An Evening of Ouyang Jianghe's 'Phoenix'
HONG KONG, August 8, 2014 — “Phoenix” is a mini-epic ekphrastic poem written by poet Ouyang Jianghe as a companion piece to Xu Bing’s sculpture of the same name. The poem multiplies the complexity of his earlier poems; it is, by his own account, his magnum opus. Synthesizing his earlier concerns of the materiality of language, the Chinese literary legacy, and the role of art in society into a sustained meditation on the theme of flight, it reflects two and a half decades of work refining the “obscure” language of Misty poetry into a vessel for sophisticated philosophical inquiry. The poem, written by Ouyang in 2010 after a silence of almost two decades, is the culmination of his experiment in the '80s and '90s in which he produced a body of poems distinguished by their length, technical intricacy, and high degree of abstraction.

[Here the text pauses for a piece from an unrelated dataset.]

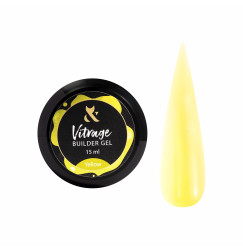 Гель для нігтів будівельний вітражний F.O.X / Vitrage Builder Gel / Yellow, 15 мл (баночка)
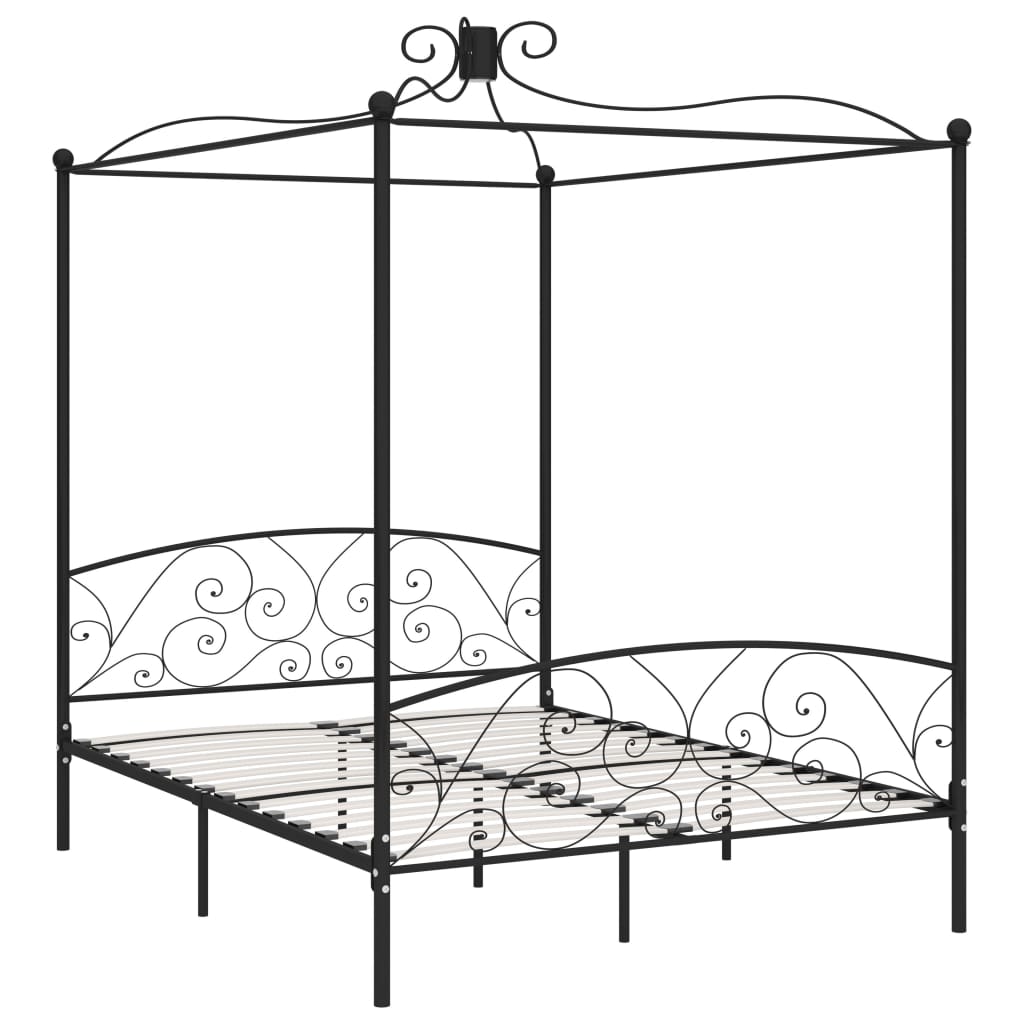 Hemelbedframe metaal zwart 160x200 cm is nu te koop bij PeponiXL, paradijselijk wonen!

He has, in his recent work, taken this project to a new level, writing book-length poems of densely interlinked stanzas rife with wordplay, a fugue-like development of motifs, and the technique of argument by paradox — known in Chinese as beilun (悖論) — employed by the philosopher Zhuangzi (莊子) to capture the illogical logic of Daoism (from the Preface to Phoenix by Austin Woerner).
“Phoenix” has been translated into English by Austin Woerner and published into a book with the same title by MCCM Creations & Zephyr Press, with support from the SOMA Project at City University of Hong Kong. Phoenix was officially launched in Hong Kong in an evening of poetry reading and cultural dialogue. Poet Nicholas Wong conducted an English reading.